# Task statement
Below are some entries. Transcribe the lines from the one holding "15, 6, 2026" to the one holding "Coppia steli forcella anteriore...", inclusive, but not the pictures among them.

# Data extract
■ ■ ■ ■
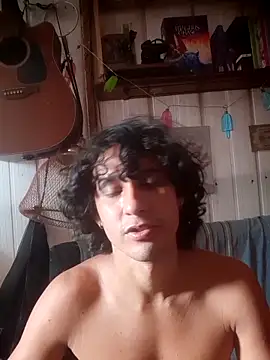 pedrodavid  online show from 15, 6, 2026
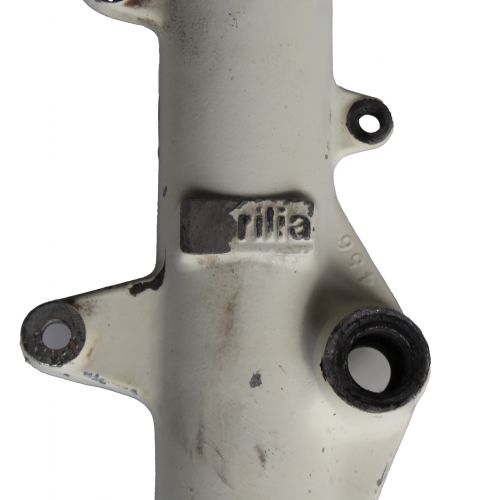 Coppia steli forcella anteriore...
■ ■ ■ ■
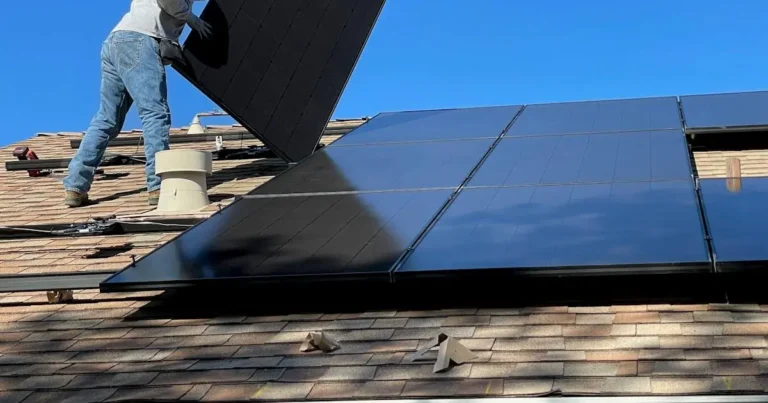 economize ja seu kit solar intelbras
■ ■ ■ ■
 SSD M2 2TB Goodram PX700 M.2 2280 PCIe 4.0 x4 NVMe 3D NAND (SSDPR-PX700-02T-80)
■ ■ ■ ■
# Result
 pedrodavid  online show from 15, 6, 2026
 Coppia steli forcella anteriore...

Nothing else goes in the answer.